El siguiente objetivo es identificar que estas emociones no son adaptativas; aunque en su infancia la tristeza estaba presente, en la actualidad es un sentimiento que lo bloquea y lo desborda. Lo mismo ocurre con el miedo, que emerge aquí y ahora para avisarle de una “posible” amenaza que no ha sucedido (aunque si no cambia algunos de sus comportamientos, se va a convertir en una profecía autocumplida).

Modificar algunos de los esquemas de pensamientos centrales relacionados con las relaciones de pareja es todo un reto para Juan, a quien le cuesta transformar su manera de ver el mundo. Anclada en lo más profundo de su aprendizaje vital está la idea de no poder ser feliz si no encuentra a alguien a quien amar y que lo ame para toda la vida, idea muy vinculada a la imagen de su madre sola e infeliz.

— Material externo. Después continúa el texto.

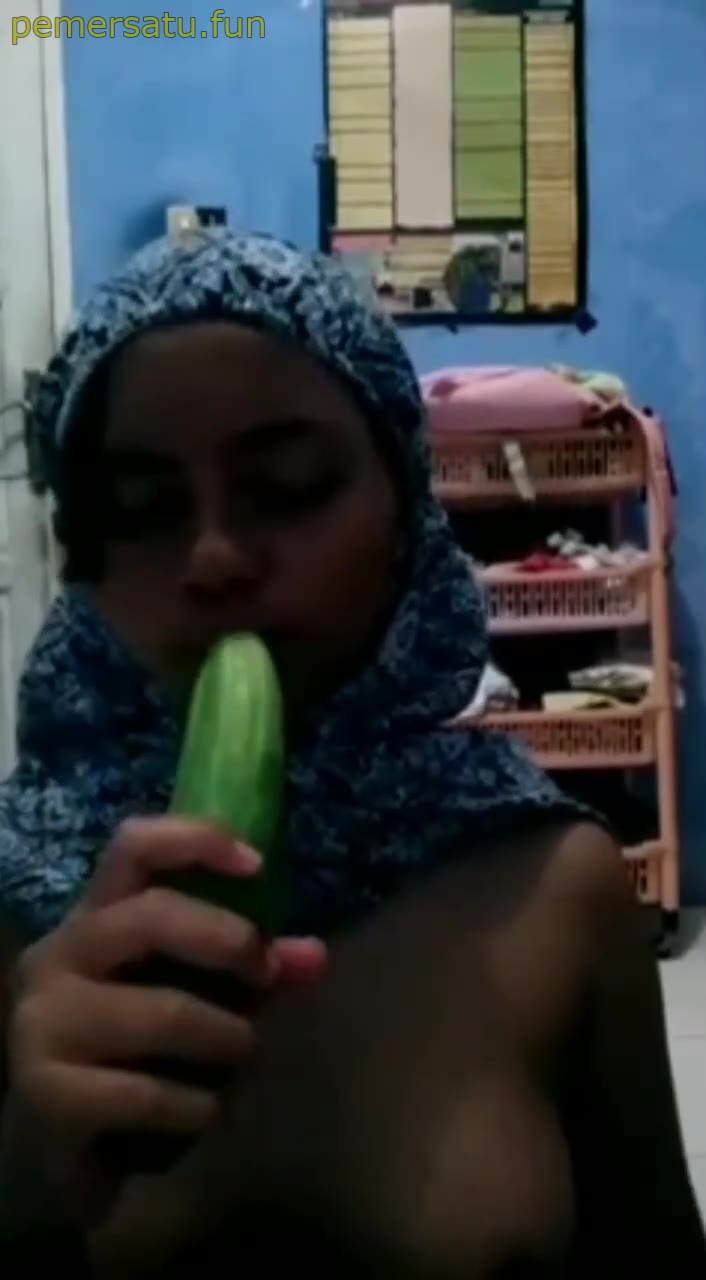 P31 Lesyah Abg Hijab 18yo Sange Colmek
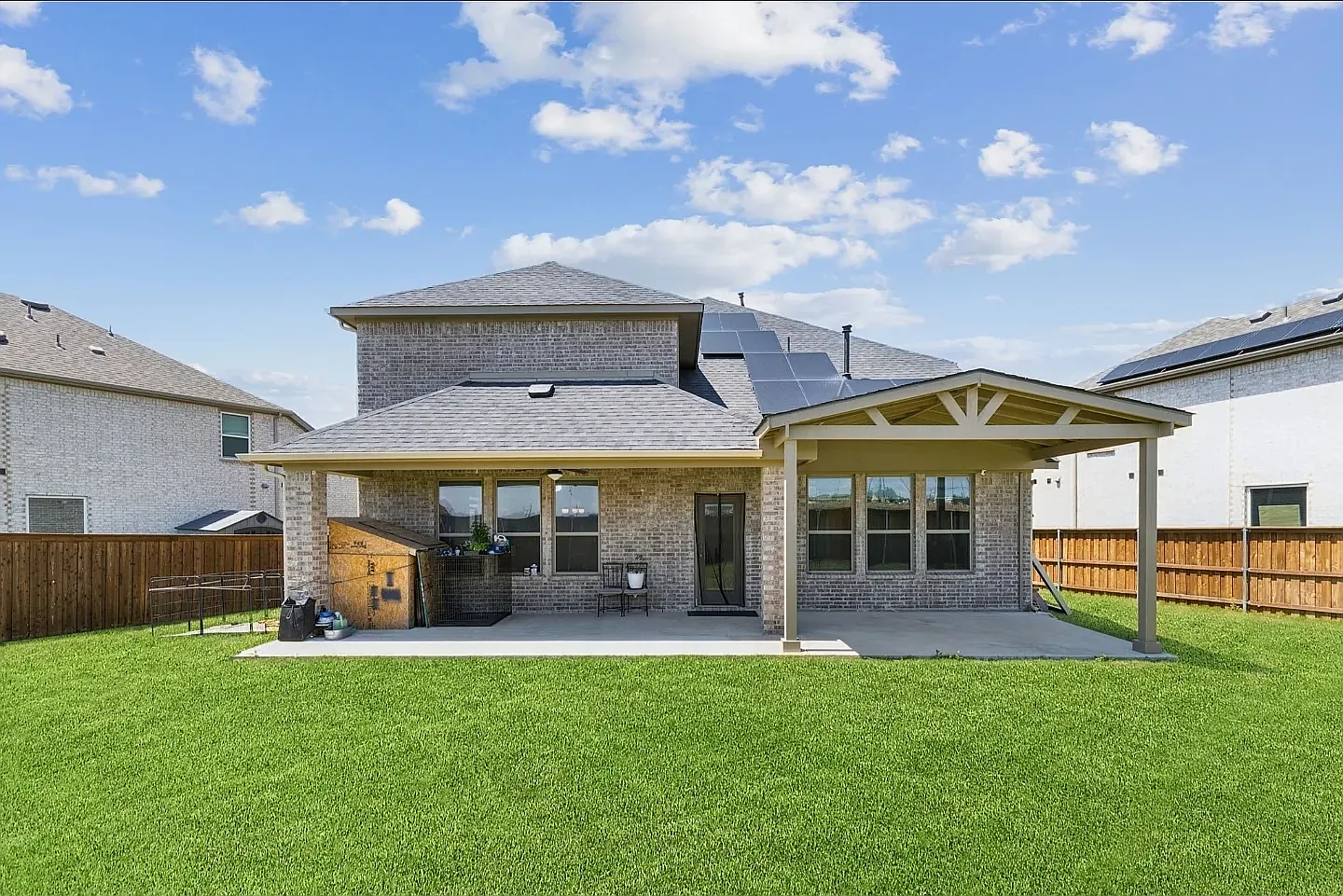 4 bed, 3.5 bath, 2999 sqft, $3,450 — Photo 2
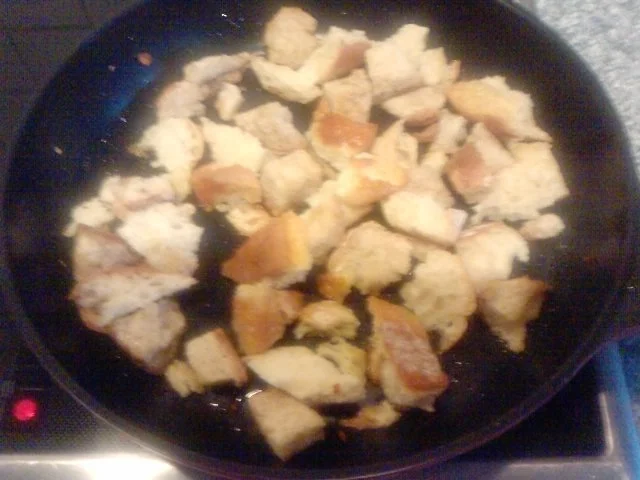 Rezept: Hart aber herzlich -oder- Der Altes-hartes -Brot-muß-man nicht-wegwerfen-Auflauf Bild Nr. 6 Hart aber herzlich -oder- Der Altes-hartes -Brot-muß-man nicht-wegwerfen-Auflauf - Rezept - Bild Nr. 6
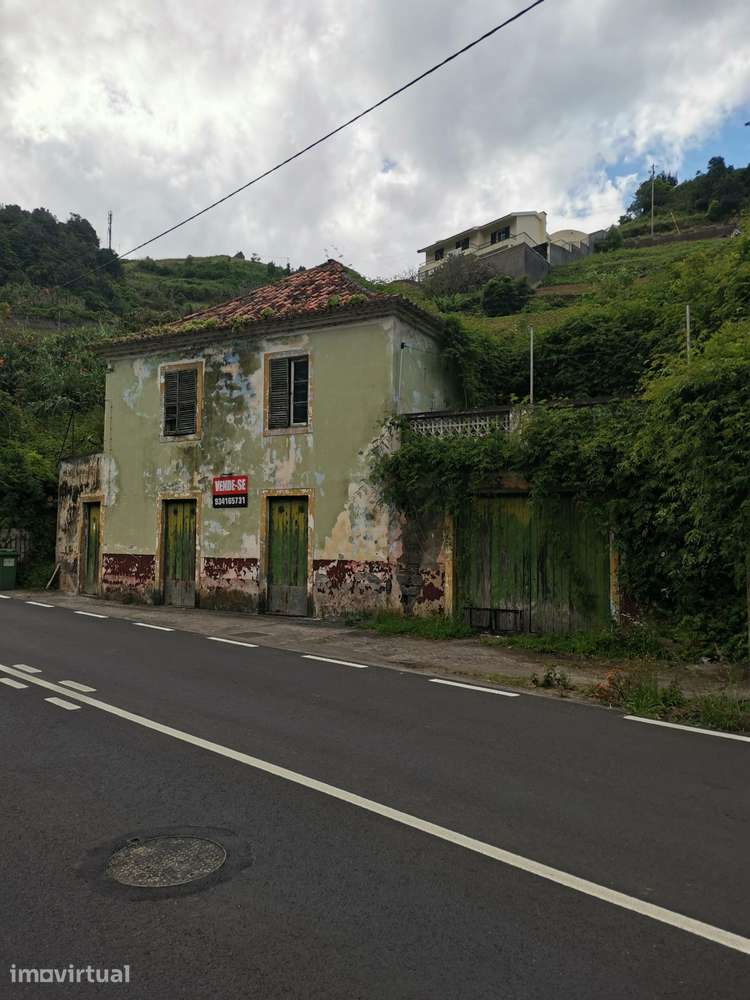 Casa rústica em ruínas com terreno perto a vila do Porto Da Cruz - Grande imagem: 2/6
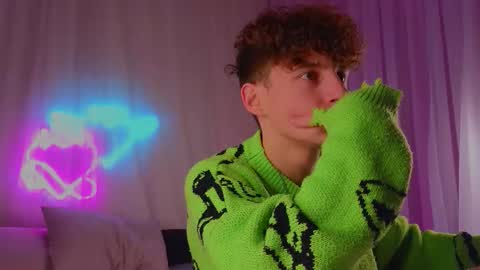 Snapshot of crisp1n chatting on November 2025 07:14:01 PM Chris online show from November 2025 07:14:01 PM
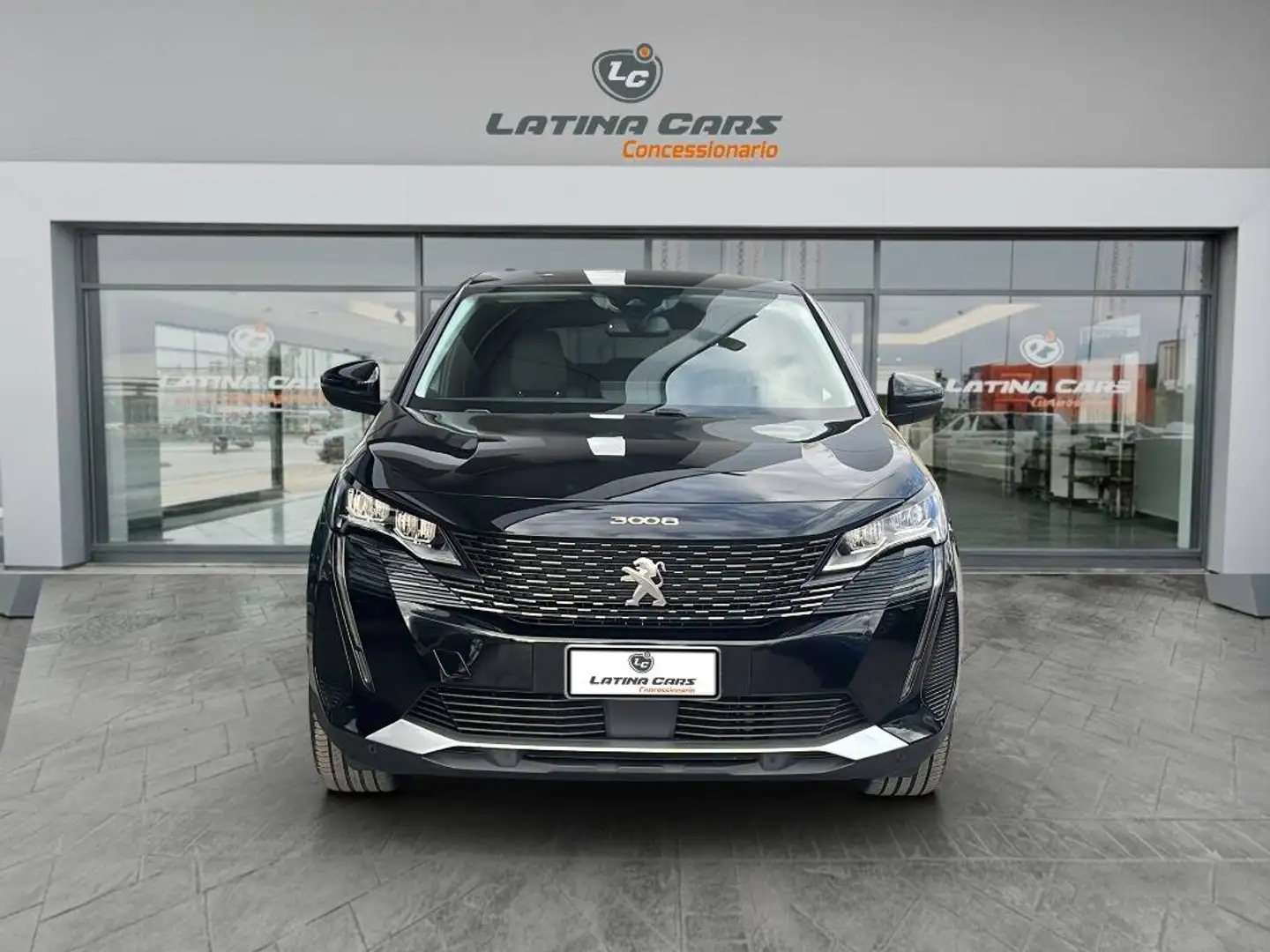 Peugeot 3008 1.5 bluehdi Allure Pack s&s 130cv eat8 Con NAV. Zwart - 2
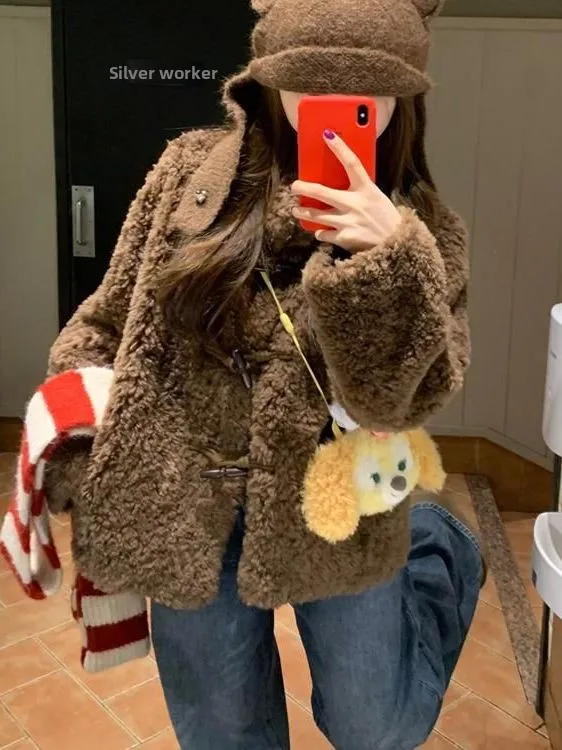 Cappotto da donna in pelliccia di agnello Jaet marrone Plu da donna Autunno Inverno Pelliccia sciolta e abbigliamento intercato in pelle con corna...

Cuando deja de asumir que estar en pareja es la única manera de vivir plenamente, empieza a sentir como la opresión de su pecho se afloja y nace una agradable sensación de libertad.

“Ahora me doy cuenta de que vivir en pareja no genera felicidad ni malestar; el bienestar no se encuentra necesariamente al lado de alguien, sino que parte de uno mismo. No quiero a alguien a mi lado para que rellene un hueco que se quedó vacío. Quiero estar con Laura porque la quiero, no porque la necesito”.

Por primera vez en muchos años, Juan empieza a sonreír.

Y por último, no tenemos que olvidar que en la primera consulta Juan nos pide que le ayudemos a que su relación funcione. Perfecto, ahora es el momento, ¡manos a la obra!

Ahora que es más hábil con el manejo de sus emociones, lo ayudamos a cambiar algunos patrones de conducta que estaban siendo disfuncionales en su relación. Juan se frota las manos, satisfecho. Es en este momento cuando entiende que las conductas de control que ha tenido sobre Laura, lejos de calmarlo y evitar el abandono, lo conducen a sentir ansiedad y destruir su relación.

Finalizado el proceso terapéutico, y en una de las sesiones de seguimiento, le preguntamos a Juan cómo se sentía:

“¡Nunca me había imaginado que podría vivir sin miedo! Con respecto a mi madre, he descubierto todo lo que ella ha hecho por mí, todos sus sacrificios, todo su sufrimiento. Me siento eternamente agradecido, y esa sensación me libera y reconforta. Ya no me siento solo.

Además, ahora entiendo por qué ella no era feliz; no lo era no por no tener una pareja a su lado, sino por el enorme sufrimiento que le supuso la pérdida de mi padre y por el estilo de vida que llevó durante años.

Si me preguntas por mi padre, lo recuerdo jugando conmigo y ayudándome con los deberes. Esa imagen provoca añoranza, pero también ternura; ya no siento esa enorme tristeza que tiraba de mí hacia abajo, que me hundía.

Y con Laura, ¡no pueden ir mejor las cosas! Disfruto de la relación plenamente sin preocuparme de lo que pueda suceder en el futuro. Eso sí, como aprendí, me esmero en cuidar la relación, por si las moscas”.